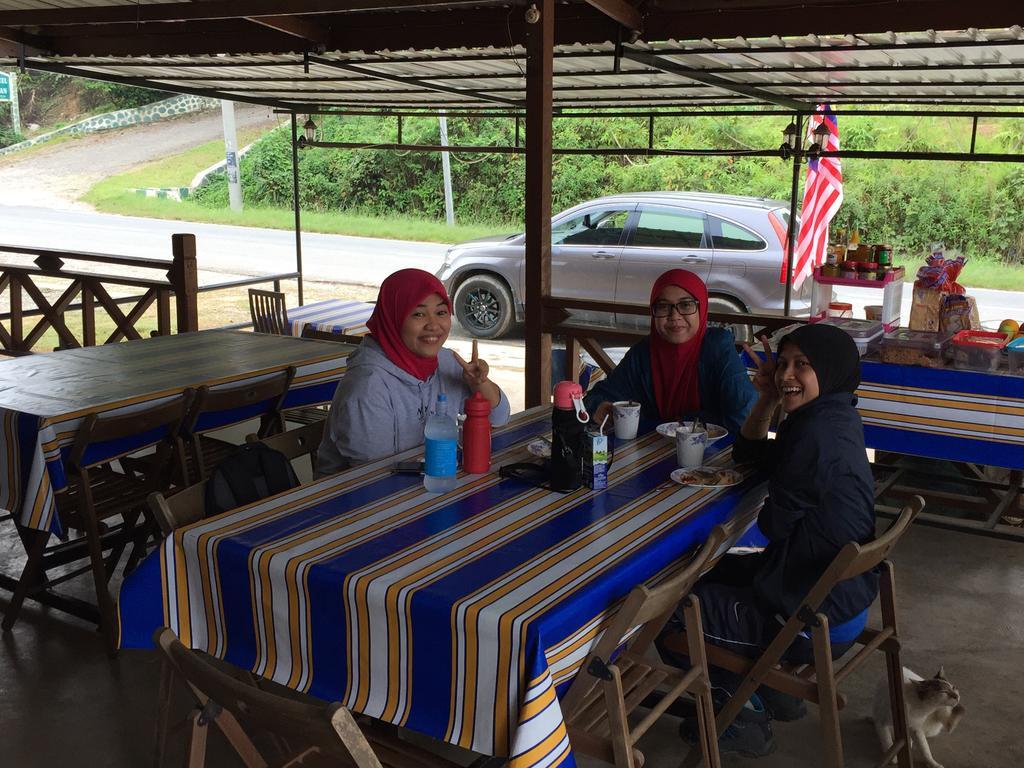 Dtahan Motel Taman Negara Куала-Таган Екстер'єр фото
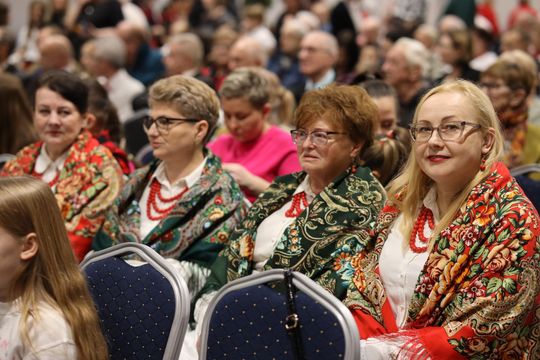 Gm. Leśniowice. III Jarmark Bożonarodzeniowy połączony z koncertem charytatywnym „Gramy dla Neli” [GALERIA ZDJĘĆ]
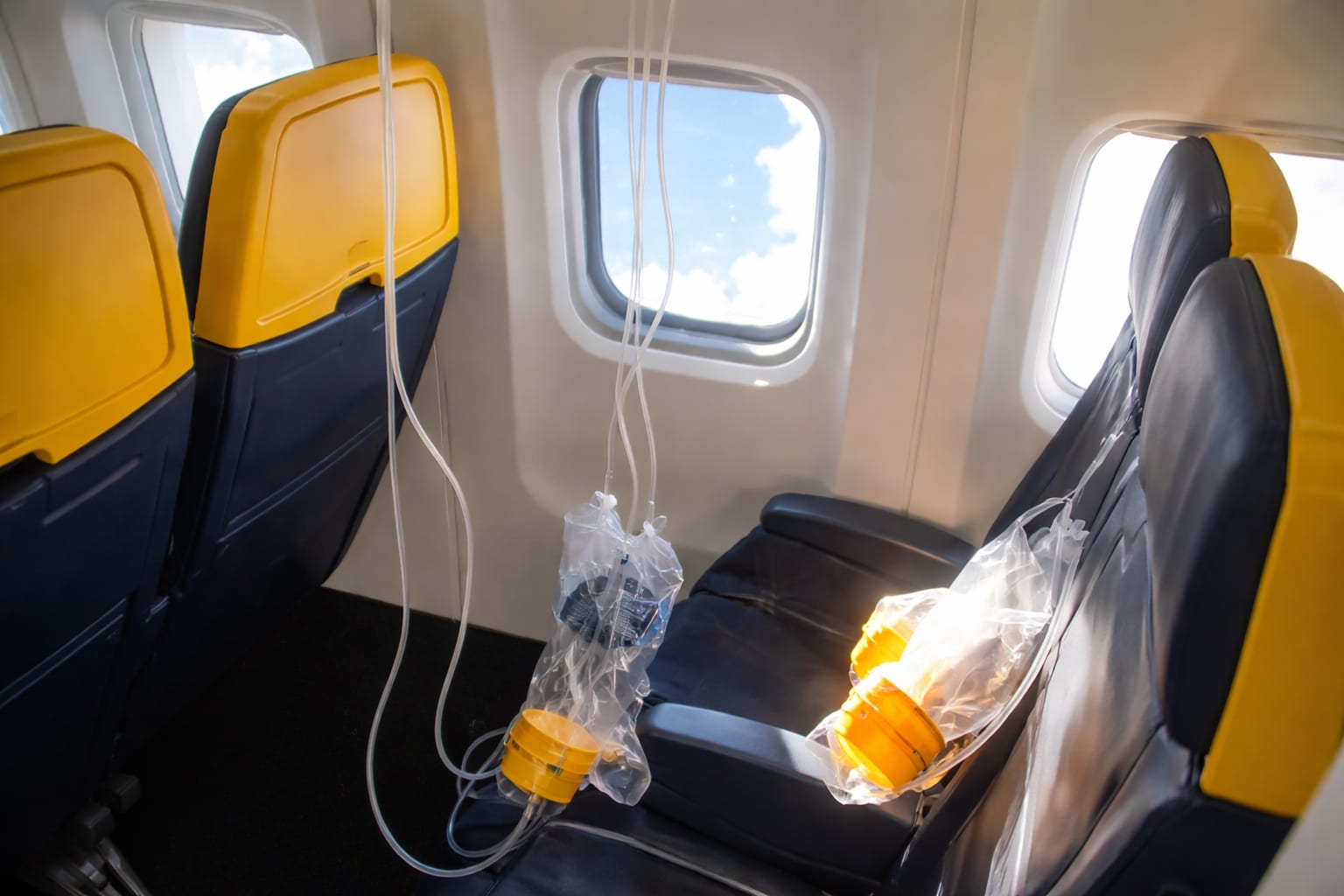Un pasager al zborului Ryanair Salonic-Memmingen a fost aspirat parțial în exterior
********
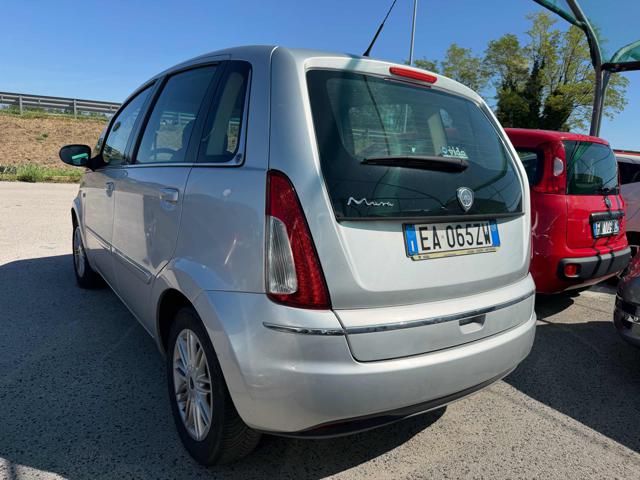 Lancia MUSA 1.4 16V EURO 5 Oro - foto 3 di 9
********
*Required action*
Output exactly the lines above, from the line with "Dtahan Motel Taman" to the line with "Un pasager al", both included; skip the pictures.

*Solution*
 Dtahan Motel Taman Negara Куала-Таган Екстер'єр фото
 Gm. Leśniowice. III Jarmark Bożonarodzeniowy połączony z koncertem charytatywnym „Gramy dla Neli” [GALERIA ZDJĘĆ]
Un pasager al zborului Ryanair Salonic-Memmingen a fost aspirat parțial în exterior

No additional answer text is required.